__YOUR TASK__: The word "Chevrolet" marks the lines to find; copy every such line from the data below.

|---|

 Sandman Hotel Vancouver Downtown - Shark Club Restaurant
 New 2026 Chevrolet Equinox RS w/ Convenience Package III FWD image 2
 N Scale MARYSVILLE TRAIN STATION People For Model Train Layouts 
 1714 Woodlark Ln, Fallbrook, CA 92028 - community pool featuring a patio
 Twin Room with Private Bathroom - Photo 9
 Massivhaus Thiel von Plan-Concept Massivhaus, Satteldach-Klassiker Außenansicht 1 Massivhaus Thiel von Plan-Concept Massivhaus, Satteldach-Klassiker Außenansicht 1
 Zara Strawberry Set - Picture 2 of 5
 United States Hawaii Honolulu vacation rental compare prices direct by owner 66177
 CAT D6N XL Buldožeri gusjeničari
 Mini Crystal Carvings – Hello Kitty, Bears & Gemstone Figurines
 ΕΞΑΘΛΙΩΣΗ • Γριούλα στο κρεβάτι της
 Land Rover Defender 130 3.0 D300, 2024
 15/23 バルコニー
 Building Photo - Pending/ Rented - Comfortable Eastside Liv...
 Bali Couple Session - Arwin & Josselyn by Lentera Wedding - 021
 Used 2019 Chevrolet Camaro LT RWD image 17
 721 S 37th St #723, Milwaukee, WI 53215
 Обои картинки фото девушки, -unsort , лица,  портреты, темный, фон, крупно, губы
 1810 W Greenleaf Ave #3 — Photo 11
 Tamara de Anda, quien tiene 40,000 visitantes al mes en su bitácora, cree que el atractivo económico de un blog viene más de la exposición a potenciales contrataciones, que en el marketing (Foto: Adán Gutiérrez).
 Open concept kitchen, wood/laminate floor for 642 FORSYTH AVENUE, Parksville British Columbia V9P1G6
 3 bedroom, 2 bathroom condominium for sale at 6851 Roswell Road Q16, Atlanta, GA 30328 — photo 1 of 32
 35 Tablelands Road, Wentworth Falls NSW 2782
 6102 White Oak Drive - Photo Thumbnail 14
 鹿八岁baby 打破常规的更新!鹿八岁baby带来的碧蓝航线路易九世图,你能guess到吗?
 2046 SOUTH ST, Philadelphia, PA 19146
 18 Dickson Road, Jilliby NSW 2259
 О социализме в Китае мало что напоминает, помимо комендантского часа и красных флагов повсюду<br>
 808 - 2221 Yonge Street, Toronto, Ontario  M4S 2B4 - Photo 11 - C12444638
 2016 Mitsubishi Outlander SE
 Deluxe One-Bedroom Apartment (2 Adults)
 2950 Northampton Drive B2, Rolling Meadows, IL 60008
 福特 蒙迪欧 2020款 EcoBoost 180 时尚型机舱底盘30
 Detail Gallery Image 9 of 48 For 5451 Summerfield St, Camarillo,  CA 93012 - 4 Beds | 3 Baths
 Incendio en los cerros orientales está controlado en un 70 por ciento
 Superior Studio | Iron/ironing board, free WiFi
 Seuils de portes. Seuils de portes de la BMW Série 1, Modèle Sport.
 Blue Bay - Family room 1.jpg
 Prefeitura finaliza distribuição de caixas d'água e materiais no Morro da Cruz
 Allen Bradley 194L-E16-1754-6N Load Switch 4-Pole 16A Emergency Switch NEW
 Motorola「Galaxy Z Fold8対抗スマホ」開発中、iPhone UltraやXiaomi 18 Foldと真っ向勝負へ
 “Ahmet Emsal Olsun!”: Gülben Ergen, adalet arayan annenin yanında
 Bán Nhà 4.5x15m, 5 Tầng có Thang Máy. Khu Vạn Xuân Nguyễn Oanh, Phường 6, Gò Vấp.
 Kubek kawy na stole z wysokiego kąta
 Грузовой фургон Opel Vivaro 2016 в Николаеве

|---|

__SOLUTION FOR THIS EXERCISE__:
 New 2026 Chevrolet Equinox RS w/ Convenience Package III FWD image 2
 Used 2019 Chevrolet Camaro LT RWD image 17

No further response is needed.